In [1]:
import pandas as pd
import os
import requests

This block of code is only meant to be run once. Every file contained a header and an explaination of the file that I needed to remove before reading the file as a csv. So this code goes into each file, reads it, and prints back lines 20 onward, therefore removing the header. It then reads the file as a csv, into a dataframe. It does this for everyfile and concatonates all of the dataframes together so they can easily be querried. Below is an example of the header:

EUROPEAN CLIMATE ASSESSMENT & DATASET (ECA&D), file created on: 25-11-2023
THESE DATA CAN BE USED FOR NON-COMMERCIAL RESEARCH AND EDUCATION PROVIDED THAT THE FOLLOWING SOURCE IS ACKNOWLEDGED: 

Klein Tank, A.M.G. and Coauthors, 2002. Daily dataset of 20th-century surface
air temperature and precipitation series for the European Climate Assessment.
Int. J. of Climatol., 22, 1441-1453.
Data and metadata available at http://www.ecad.eu

FILE FORMAT (MISSING VALUE CODE = -9999):

01-06 STAID: Station identifier
08-13 SOUID: Source identifier
15-22 DATE : Date YYYYMMDD
24-28 TG   : Mean temperature in 0.1 &#176;C
30-34 Q_TG : quality code for TG (0='valid'; 1='suspect'; 9='missing')

This is the blended series of station VAEXJOE, SWEDEN (STAID: 1)
Blended and updated with sources:35381 35405 
See files sources.txt and stations.txt for more info.

STAID, SOUID,    DATE,   TG, Q_TG
     1, 35381,18600101,   21,    1
     1, 35381,18600102,   46,    1
     1, 35381,18600103,   31,    1
.....

In [64]:
def readWeatherData(readDirectory, csvFile, dfCSVFile):
    
    directory = os.fsencode(readDirectory)
    columns = ''
    pdCol = []
    multiplier = 0

    filenameByte = os.path.join(directory, os.listdir(directory)[0])
    filename = filenameByte.decode('utf-8')

    with open(filename, "r") as t:
        lines = t.readlines()
        
        for line in lines:
            if 'TG,' in line:
                columns = 'STAID, SOUID,    DATE,   TG, Q_TG\n'
                pdCol = ['STAID','SOUID','DATE','TG','Q_TG']
                multiplier = 0.1
                break
            elif 'SD' in line:
                columns = 'STAID, SOUID,    DATE,   SD, Q_SD\n'
                pdCol = ['STAID','SOUID','DATE','SD','Q_SD']
                multiplier = 1
                break
            elif 'RR' in line:
                columns = 'STAID, SOUID,    DATE,   RR, Q_RR\n'
                pdCol = ['STAID','SOUID','DATE','RR','Q_RR']
                multiplier = .1
                break

    with open(csvFile, "w") as c:
        c.write(columns)

        for file in os.listdir(directory):
            filenameByte = os.path.join(directory, file)

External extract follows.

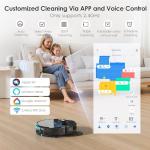 Lubluelu Robot Vacuum Cleaner with Mop, 2 in 1 Robot Vacuum 4000Pa Suction Lidar Navigation, 5 Real-Time Mapping 10 No-go Zone, Wifi/App/Alexa Robotic Vacuum Cleaner for Pet Hair Carpet (60Pro Black)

            if os.path.isfile(filenameByte):
                filename = filenameByte.decode('utf-8')
                with open(filename, "r") as f:
                    lines = f.readlines()
                    lineNumber = 0
                    
                    for line in lines:
                        if ',20' in line:
                            break
                        lineNumber = lineNumber + 1
                    
                    for line in lines[lineNumber:]:
                        c.write(line)

    weatherData = pd.read_csv(csvFile)
    weatherData.columns = pdCol
    weatherDataFilter = weatherData[weatherData[pdCol[4]] != 9]
    weatherDataFilter = weatherDataFilter[weatherDataFilter[pdCol[4]] != 1]
    weatherDataFilter['DATE'] = pd.to_datetime(weatherDataFilter['DATE'], format='%Y%m%d')
    weatherDataFilter = weatherDataFilter.drop(columns=['SOUID', pdCol[4]])
    weatherDataFilter[pdCol[3]] = weatherDataFilter[pdCol[3]] * multiplier

    weatherDataFilter.to_csv(dfCSVFile, index=False)

    return weatherDataFilter

In [3]:
def readStationData():
    with open("../Data/Weather/AverageDailyTemp/sources.txt", "r") as f:
        lines = f.readlines()

    with open("../Data/Weather/AverageDailyTemp/sources.txt", "w") as f:
        lineNumber = 0
        
        for line in lines:
            if 'STAID, SOUID' in line:
                break
            lineNumber = lineNumber + 1
        
        for line in lines[lineNumber:]:
            f.write(line)
    
    stationData = pd.read_csv("../Data/Weather/AverageDailyTemp/sources.txt", on_bad_lines='warn')

    return stationData

In [4]:
stationData = readStationData()
stationData.columns = ['STAID','SOUID','SOUNAME','CN','LAT','LON','HGHT','ELEI','START','STOP','PARID','PARNAME']
stationDataFiltered = stationData.drop(columns=['SOUNAME', 'HGHT', 'ELEI', 'PARID', 'PARNAME', 'START', 'STOP'])
stationDataAPI = stationDataFiltered[stationDataFiltered['LAT'] != '         ']

In [5]:
def getLocation(lati, long):
    API_KEY = 'AIzaSyCt4xS1ED90qZjG2MpmznJu0ENQ2hl3z9Y'

    lat = lati.split(':')
    latitude = float(lat[0]) + (int(lat[1])/60) + (int(lat[2])/3600)
    lng = long.split(':')
    longitude = float(lng[0]) + (int(lng[1])/60) + (int(lng[2])/3600)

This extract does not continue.